301 TRIBUNAL CANTONAL 709 T R I B U N A L D ’ A C C U S A T I O N
Séance du 22 octobre 2009
Présidence de M. J.-F. M E Y L A N , président Juges:MM. F. Meylan et Sauterel Greffier :MmeMoret
Art. 233, 294 let. e CPP Vu l'enquête n° PE08.019841-PVA instruite par le Juge d'instruction de l'arrondissement de Lausanne contre O.________ pour tentative d'escroquerie et faux dans les titres, d'office et sur plainte d' A.I., vu l'ordonnance du 14 septembre 2009, par laquelle le magistrat instructeur a refusé d'ordonner une nouvelle expertise des documents produits devant la Cour civile du Tribunal cantonal par O., vu le recours exercé en temps utile par O.________ contre cette décision, vu les pièces du dossier;
2 - attendu, en l'espèce, que dans le cadre de la liquidation de la succession de feu B.I., un litige est survenu notamment entre O. ancien employé du défunt, et A.I., la veuve de celui-ci, qu'une procédure a été ouverte devant la Cour civile du Tribunal cantonal, que dans le cadre de celle-ci, O. a produit deux copies de déclarations de prêt signées par feu B.I., l'emprunteur, pour un montant total de 247'000 fr. (cf. P. 4/4 et 4/5), que le 28 août 2008, A.I. a déposé plainte contre O.________ notamment pour faux dans les titres, au motif que les deux documents précités seraient des faux (cf. P. 4/2), que par courriers des 27 janvier et 11 février 2009, O.________ a requis la mise en œuvre d'une expertise graphologique des reconnaissances de dettes produites (cf. P. 12/1 et 14), mise en œuvre refusée par le magistrat instructeur, que par arrêt du 19 mars 2009, le Tribunal d'accusation a admis le recours contre le refus de l'expertise et a requis du magistrat instructeur qu'il procède à cette mesure d'instruction, que par ordonnance du 17 avril 2009, l'expertise tendant à déterminer si B.I.________ avait apposé sa signature sur l'original des deux photocopies produites devant la Cour civile a été mise en œuvre, que le 10 août 2009, l'expert mandaté a déposé son rapport (cf.
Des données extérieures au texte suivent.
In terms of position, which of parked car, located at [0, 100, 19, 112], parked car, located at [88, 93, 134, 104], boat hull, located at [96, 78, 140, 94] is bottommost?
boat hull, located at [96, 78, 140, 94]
P. 30/2), que par courrier du 1 er septembre 2009, O.________ a requis la mise en œuvre d'une seconde expertise (cf. P. 38), que le magistrat instructeur a refusé cette deuxième expertise, que le recourant conteste cette décision; attendu que le juge peut ordonner un complément d'expertise qui sera confié au même expert et aura le même objet, lorsqu'il est d'avis que le rapport est lacunaire ou lorsqu'il y a des éléments nouveaux qui lui parviennent (Piquerez, Traité de procédure pénale suisse, 2 ème éd., Bâle 2006, p. 513), qu'une nouvelle expertise portant sur le même objet et destinée à éclaircir les mêmes questions que celles qui ont été posées
3 - n'est susceptible d'être ordonnée que lorsque la première expertise est jugée trop imprécise ou incomplète et que le rapport n'emporte pas conviction et qu'il est susceptible d'être mis en cause, que le juge doit donc nourrir des doutes sérieux sur le résultat de la première expertise pour en ordonner une nouvelle qui sera confiée à de nouveaux experts, que la première expertise doit donc apparaître comme inexacte ou incomplète sur des faits pertinents (Piquerez, op. cit., p. 514); attendu, liminairement, que le recourant se plaint du fait que seul le dispositif de l'arrêt du Tribunal d'accusation du 19 mars 2009 lui a été adressé (art. 285 CPP) et qu'il aurait dû avoir connaissance des considérants afin de pouvoir, cas échéant, récuser l'expert désigné, voire s'opposer aux questions posées, que l'on rappellera que c'est le recourant qui a recouru contre la décision du 13 février 2009, par laquelle le magistrat instructeur avait refusé la mise en œuvre de l'expertise, que son recours ayant été admis, il n'avait pas besoin des considérants de l'arrêt pour recourir contre l'ordonnance du 17 avril 2009 dans laquelle figuraient le nom de l'expert ainsi que les questions posées, qu'il aurait dès lors eu tout loisir de contester cette décision, que tel n'a pas été le cas, qu'il ne saurait dès lors de prévaloir d'une violation de son droit d'être entendu; attendu, ensuite, que le rapport d'expertise du 10 août 2009 est complet et précis, que, de plus, le recourant n'établit pas en quoi les points techniques auxquels l'expert conclut seraient contraires aux règles scientifiques applicables en la matière, que, pour le surplus, le recourant plaide le fond et propose des questions complémentaires qui, d'une part, ne sont pas indispensables et, d'autre part, auraient dû être proposées lorsqu'il a eu connaissance de l'ordonnance du 17 avril 2009, que, par surabondance, l'expert mandaté pourra être entendu à l'audience de jugement;
4 - attendu, en définitive, que le recours est rejeté et l'ordonnance confirmée, que les frais du présent arrêt sont mis à la charge du recourant en vertu de l'art. 307 CPP. Par ces motifs, le Tribunal d'accusation, statuant à huis clos : I. Rejette le recours. II. Confirme l'ordonnance. III. Dit que les frais d'arrêt, par 440 fr. (quatre cent quarante francs), sont mis à la charge du recourant. IV. Déclare l'arrêt exécutoire. Le président : La greffière : Du L'arrêt qui précède, dont la rédaction a été approuvée à huis clos, est notifié aux parties, ainsi qu’au Ministère public, par l'envoi d'une copie complète : -M. Alain-Valéry Poitry, avocat (pour O.), -M. José Coret, avocat (pour A.I.). Il est communiqué en outre par l'envoi d'une copie complète à : -M. le Procureur général du canton de Vaud, -M. le Juge d'instruction cantonal.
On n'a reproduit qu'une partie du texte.